DATA FOR ANALYSIS section start

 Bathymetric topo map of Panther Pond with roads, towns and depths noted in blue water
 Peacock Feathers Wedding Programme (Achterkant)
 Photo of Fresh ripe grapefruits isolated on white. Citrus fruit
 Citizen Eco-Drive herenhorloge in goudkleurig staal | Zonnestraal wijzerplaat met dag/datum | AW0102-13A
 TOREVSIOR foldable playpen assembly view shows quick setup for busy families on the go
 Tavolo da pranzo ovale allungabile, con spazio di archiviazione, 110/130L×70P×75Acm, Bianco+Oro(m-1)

DATA FOR ANALYSIS section end
DATA FOR ANALYSIS section start

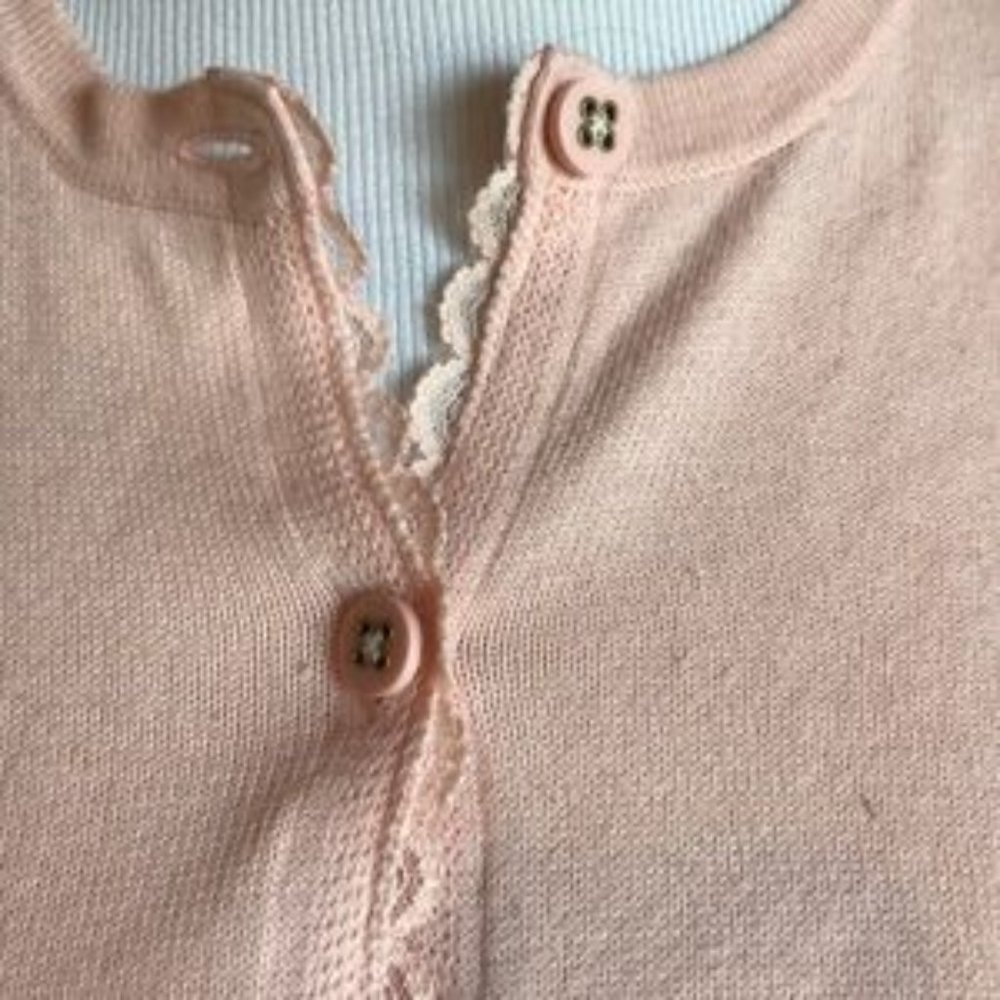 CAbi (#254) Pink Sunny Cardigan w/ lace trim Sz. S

DATA FOR ANALYSIS section end
DATA FOR ANALYSIS section start

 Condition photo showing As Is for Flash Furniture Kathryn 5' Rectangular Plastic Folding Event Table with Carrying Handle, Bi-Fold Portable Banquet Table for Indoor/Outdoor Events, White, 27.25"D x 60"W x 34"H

DATA FOR ANALYSIS section end

▸ WHAT TO WORK ON
Every line that contains the string "with" should be returned from the data.

▸ RESULT OF THIS EXERCISE
 Bathymetric topo map of Panther Pond with roads, towns and depths noted in blue water
 Condition photo showing As Is for Flash Furniture Kathryn 5' Rectangular Plastic Folding Event Table with Carrying Handle, Bi-Fold Portable Banquet Table for Indoor/Outdoor Events, White, 27.25"D x 60"W x 34"H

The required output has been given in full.